Hyundai Motor and affiliate Kia have taken over the number two spot, behind Tesla, in the US electric car market by sales volume this year. The duo’s market share in Europe has reached 12 per cent after making the biggest market share gains among its peers last year. Globally, excluding China, Hyundai and Kia are the second-biggest electric carmakers by shipments, with a combined 14 per cent market share. Tesla holds the top spot at 27 per cent.

The gap reflects the competitive edge Tesla has gained in the more than a decade it has held on to its leading position in the market. Tesla’s cool factor — brand studies have ranked it the “coolest” automaker among millennials — is a hard one to replicate. So are its rapid charger network, remote software updates and vast troves of data from its drivers which, coupled with machine-learning algorithms, continually improve its software.

The latest boost for Tesla arrived last week. The list of car models eligible for tax credits from President Joe Biden’s newly signed Inflation Reduction Act includes all four Tesla models currently on sale, but none made by Hyundai and Kia.

A more accurate comparison can be made by looking at margins. Tesla’s light business model means it runs fat operating margins of 16 per cent, more than double Hyundai’s 6 per cent — which has broader product lines and must reckon with a strong union.

Stock valuations reflect this contrast — and diverging market expectations. Shares of Tesla trade at 60 times forward earnings, more than 10 times that of Hyundai. Hyundai’s soaring electric car sales and the resulting record earnings in its latest quarter have done little to change the relative pessimism.

But Hyundai’s pace of change has been much faster than expected. Its Ioniq 6 electric sedan can travel up to 610km (379 miles) on a single charge — longer than the Tesla’s Model Y and Model 3 Long Range. Its Ioniq 5 electric SUV has become the best-selling imported electric car in the US. Remote software updates are starting to be rolled out.

Prices are catching up, too. The Tesla’s cheapest Model 3 now sells for $46,990 following a price rise this year. Hyundai’s Ioniq 6, launched last month, sells at a comparable price range.

It is worth also looking at other industries, such as smartphones for example, for similar patterns. It was only when Samsung raised product prices and started competing in the same market segments as Apple, the market leader at the time, that market share and profits showed any significant growth.

In 2010, Samsung’s share of the global market was less than 6 per cent, compared with Apple’s lead of more than a fifth. It took just two years after the launch of its higher-priced Galaxy smartphone series for Samsung to overtake Apple in terms of worldwide handset sales.

By the third quarter of 2013, Samsung’s global smartphone market share had grown to almost three times that of Apple. To this day, the starting prices of Apple and Samsung’s smartphones by product segment remain closely synced.

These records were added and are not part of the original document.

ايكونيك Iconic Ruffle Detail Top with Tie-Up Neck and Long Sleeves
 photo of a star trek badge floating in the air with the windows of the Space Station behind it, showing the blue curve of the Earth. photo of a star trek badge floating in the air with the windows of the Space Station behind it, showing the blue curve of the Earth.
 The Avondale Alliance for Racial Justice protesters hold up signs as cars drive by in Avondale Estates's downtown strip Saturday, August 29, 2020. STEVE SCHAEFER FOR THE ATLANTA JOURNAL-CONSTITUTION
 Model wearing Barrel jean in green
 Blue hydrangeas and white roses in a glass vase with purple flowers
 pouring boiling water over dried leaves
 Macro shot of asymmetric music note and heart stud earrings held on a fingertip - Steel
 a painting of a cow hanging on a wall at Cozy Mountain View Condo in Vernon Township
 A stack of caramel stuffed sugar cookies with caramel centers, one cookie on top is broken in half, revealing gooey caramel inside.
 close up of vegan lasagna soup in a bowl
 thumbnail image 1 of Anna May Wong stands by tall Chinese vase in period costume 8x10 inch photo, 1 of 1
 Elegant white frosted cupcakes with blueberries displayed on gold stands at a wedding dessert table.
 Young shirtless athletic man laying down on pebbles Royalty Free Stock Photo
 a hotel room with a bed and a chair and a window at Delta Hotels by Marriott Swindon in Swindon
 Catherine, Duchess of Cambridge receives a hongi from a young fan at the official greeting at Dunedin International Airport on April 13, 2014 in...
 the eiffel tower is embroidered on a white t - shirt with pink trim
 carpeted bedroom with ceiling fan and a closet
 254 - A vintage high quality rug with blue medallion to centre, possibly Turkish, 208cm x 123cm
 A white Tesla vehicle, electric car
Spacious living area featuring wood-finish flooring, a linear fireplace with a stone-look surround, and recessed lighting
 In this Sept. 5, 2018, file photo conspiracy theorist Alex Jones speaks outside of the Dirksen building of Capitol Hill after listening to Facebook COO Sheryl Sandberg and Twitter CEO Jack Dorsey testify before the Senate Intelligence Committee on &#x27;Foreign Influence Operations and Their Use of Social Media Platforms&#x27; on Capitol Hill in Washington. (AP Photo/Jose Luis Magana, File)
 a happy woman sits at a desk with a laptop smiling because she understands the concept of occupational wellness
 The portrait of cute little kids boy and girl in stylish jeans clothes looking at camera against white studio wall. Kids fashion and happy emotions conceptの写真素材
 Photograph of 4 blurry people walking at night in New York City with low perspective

In the coming months, electric carmakers face an uphill battle to protect margins as costs rise. Prices of lithium, a key battery material, remain near historical highs. That has pushed the price of batteries up, to up to 60 per cent of the total cost of making an electric car. Tight margins at global battery suppliers suggest there will be no let up in battery prices. That leaves electric carmakers to deal with the burden.

Here Hyundai has an advantage. A weaker Korean won, which has fallen 13 per cent against the dollar this year, translates to a boost of more than $1.6bn to the top line in the latest quarter. That has helped it absorb higher battery and component costs without taking a hit to margins. It uses local battery suppliers, meaning a more stable supply chain and lower currency fluctuation risks.

The weak won means Hyundai can continue to keep its car prices constant while preserving margins as its rivals are forced to pass on rising costs to consumers.

When expectations are low, the upside potential — for sales volume and share prices — are high. Perhaps one of Hyundai’s biggest advantages now is the low expectations it has long struggled with.